The following code is based on libjpeg's example.c.
#include <stdio.h>
#include <stdlib.h>
#include "jpeglib.h"
#include <setjmp.h>
struct my_error_mgr {
struct jpeg_error_mgr pub; /* "public" fields */
jmp_buf setjmp_buffer; /* for return to caller */
};
typedef struct my_error_mgr * my_error_ptr;
METHODDEF(void)
my_error_exit (j_common_ptr cinfo)
{
/* cinfo->err really points to a my_error_mgr struct, so coerce pointer */
my_error_ptr myerr = (my_error_ptr) cinfo->err;
/* Always display the message. */
/* We could postpone this until after returning, if we chose. */
(*cinfo->err->output_message) (cinfo);
/* Return control to the setjmp point */
longjmp(myerr->setjmp_buffer, 1);
}
GLOBAL(int) read_JPEG_file (char * filename)
{
struct jpeg_decompress_struct cinfo;
struct my_error_mgr jerr;
FILE * infile;
if ((infile = fopen(filename, "rb")) == NULL) {
fprintf(stderr, "can't open %s\n", filename);
return 0;
}
cinfo.err = jpeg_std_error(&jerr.pub);
jerr.pub.error_exit = my_error_exit;
if (setjmp(jerr.setjmp_buffer)) {
jpeg_destroy_decompress(&cinfo);
fclose(infile);
return 0;
}
jpeg_create_decompress(&cinfo);
jpeg_stdio_src(&cinfo, infile);
(void) jpeg_read_header(&cinfo, TRUE);
for (unsigned int ci=0; ci < 3; ci++) {
printf("Channel %u: h_samp_factor = %d, v_samp_factor = %d\n",
ci,
cinfo.comp_info[ci].h_samp_factor,
cinfo.comp_info[ci].v_samp_factor);
}
fclose(infile);
return 0;
}
int main(int argc, char* argv[]) {
read_JPEG_file("/tmp/testimg.jpg");
return 0;
}Compile and run
# This assumes you are the libjpeg source directory and compiled libjpeg to ./build
gcc -g -O2 -o example example.c -I`pwd`/build/include -L`pwd`/build/lib -ljpeg
LD_LIBRARY_PATH=`pwd`/build/lib ./exampleThis gives the expected output:
Channel 0: h_samp_factor = 2, v_samp_factor = 1
Channel 1: h_samp_factor = 1, v_samp_factor = 1
Channel 2: h_samp_factor = 1, v_samp_factor = 1
- Conversely, jpeglib reports the values in different order.
import jpeglib
im = jpeglib.read_spatial("/tmp/testimg.jpg")

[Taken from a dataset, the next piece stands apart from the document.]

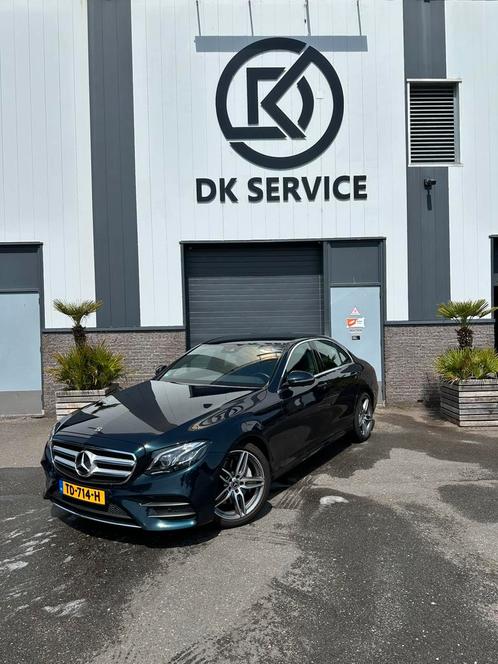 Mercedes-Benz E-Klasse E200 Sedan AMG/360/Sfeer NL auto, Auto's, Mercedes-Benz, Bedrijf, E-Klasse, 360° camera, ABS, Achteruitrijcamera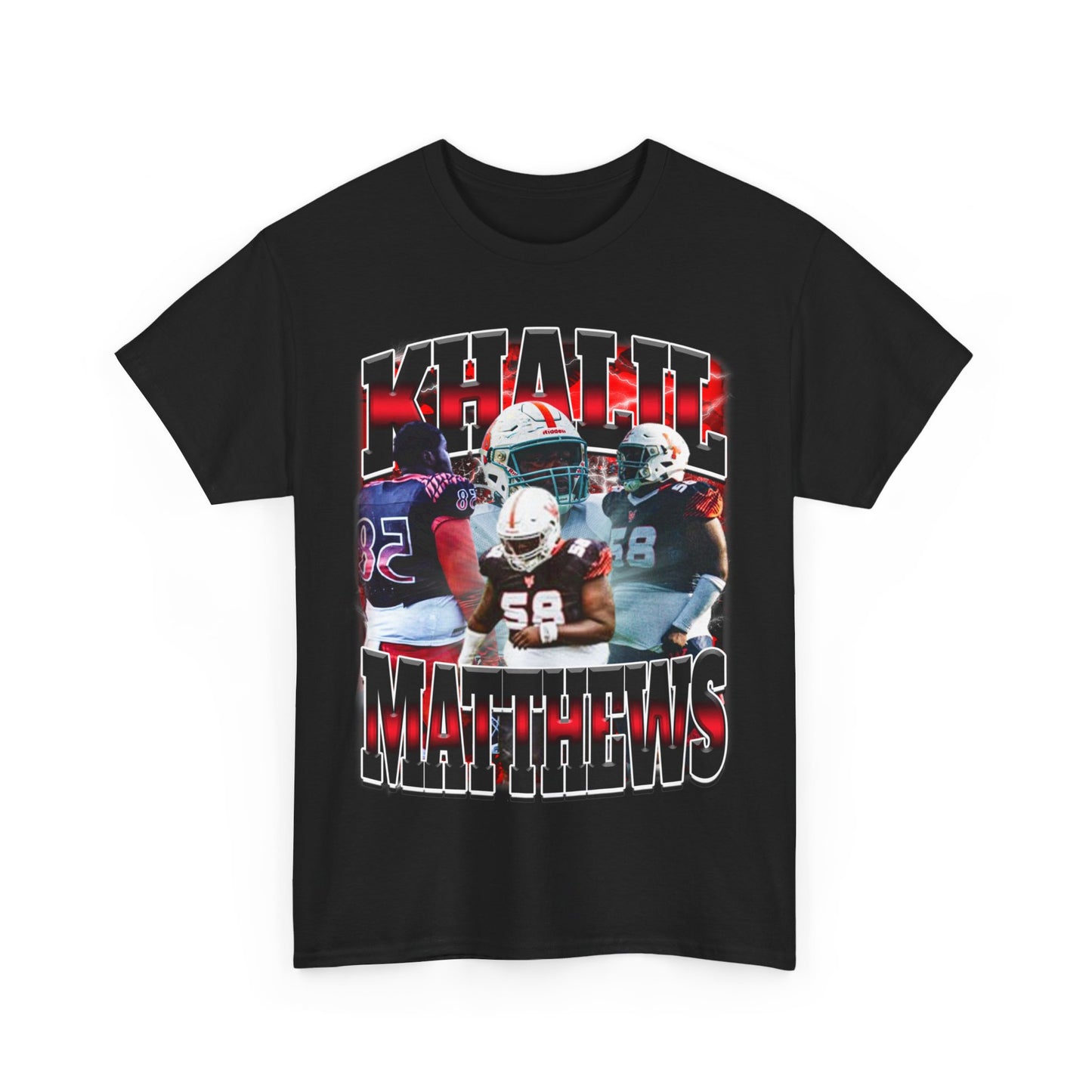 Khalil Matthews Heavy Cotton Tee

print(im.samp_factor)Output:
[[1 2]
[1 1]
[1 1]]
Since the default order to specify the sampling factors is h x v, I would have expected the jpeglib output in the same order.
It would be great if you can double-check whether the current behavior is intended. In this case, please consider updating the documentation.
After browsing the code, I found that jpeglib intentionally puts the vertical sampling factors first, presumably to match the common [height, width] order in Python. Nevertheless, I swapped the order so that the horizontal sampling factor comes before the vertical factor, which matches the commonly used notation in other JPEG tools. The changes and updated test cases can be found in the dev branch.
Thanks for pointing out. As all the other objects (spatial, Y, Cb, Cr) are in height-width order, it makes sense to keep it as-is and be consistent with our own interface.
I am extending the documentation to make sure the order in jpeglib is described well.